Many countries have averted economic crises and achieved a measure of macro-stability, but few have sustained that stabilization and moved on to further modernization, which in turn drives sustained and inclusive growth. Egypt has a chance to do so. This will not only require broadening and deepening the reform agenda, but it will also require a fundamental shift away from the state as a provider of employment and output to creating an enabling environment for the private sector to invest more, export more and generate more jobs. How would you describe the attitude of the government towards the private sector?
The need for partnership has never been more prevalent or necessary. Economic measures of this magnitude need broad, multi-sector and industry partnership, and we’re incredibly proud of the commitment and level of partnership that GE has in the country. That is owed in large part to the awareness of the government of the need for a partnership mandate. Job growth is dependent on multiple factors – reforms spur investment, which in turn drive job growth and increase confidence. It is also heavily dependent on the ability of the private sector to contribute effectively and sustainably. We are fortunate to be partners across a broad base of industries, including critical ones such as energy and healthcare, and are seeing a marked increase in overall confidence.
Some of the reforms to strengthen the business environment include tax incentives, reduced bureaucracy, and an investor center – a one-stop shop to simplify the process of establishing a company. The measures have helped prop up Egypt's standing as a business-friendly environment. The country rose eight places to 120th in the World Bank’s 2019 Ease of Doing Business index, published in November. The government has also introduced at least 10 pieces of legislation intended to expand the private sector and boost economic growth. Some of those new laws relate to investment, companies, bankruptcy among others. What has been the impact of the reforms on your business operation and investment outlook in the country?

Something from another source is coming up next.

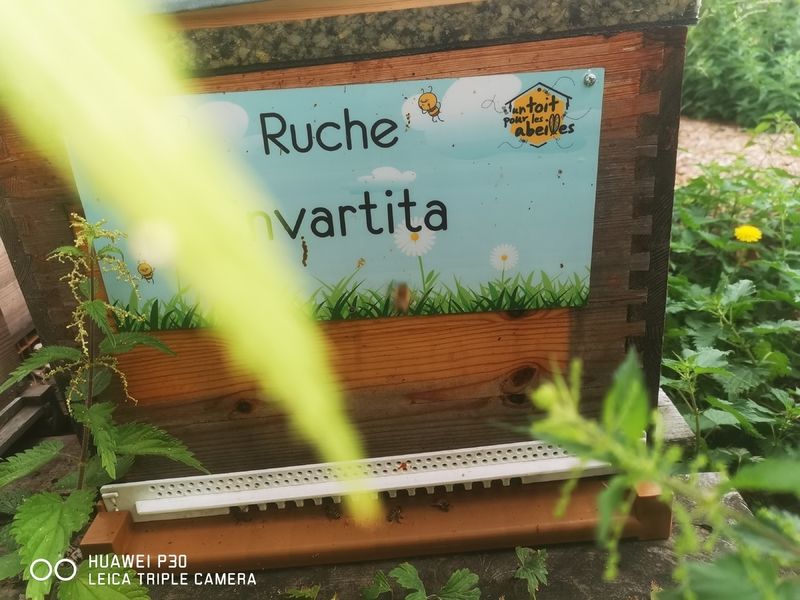 La ruche invartita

Throughout the reform process, GE has remained wholly committed to partnering with the Egyptian government in revitalizing the local economy. Egypt is central to our regional business model – the talent base, heightened awareness of the need for cross-sector partnership and opportunities for growth are exceptional. While we remain immensely proud of the work we have done in Egypt thus far, there remains much more we can, and will do, to support local growth.
As one of the biggest emerging economies in the region, Egypt seeks to play a significant role in ensuring sustainable economic growth in Africa. One of the priorities of the government is to enhance intra-African integration, as the main vehicle through which it could fulfill its collective developmental goals and achieve the targets of Africa’s development Agenda 2063. What are the key fundamentals that made you choose Egypt as a destination, and to what extent can it play the role of ‘gateway to Africa?
Egypt has been, and will remain, a focal point for Africa. Its position as a cross-regional hub is unique, allowing it to transcend borders. This is clear through the multiple free trade agreements driving cross-border growth and opportunities, as well as the opportunity to be a part of a north-to-south Africa trade bloc that can significantly spur investment. It also allows the opportunity to find new and perhaps under-represented areas of investment. The opportunities throughout Africa are ubiquitous, and Egypt is well positioned to realize them.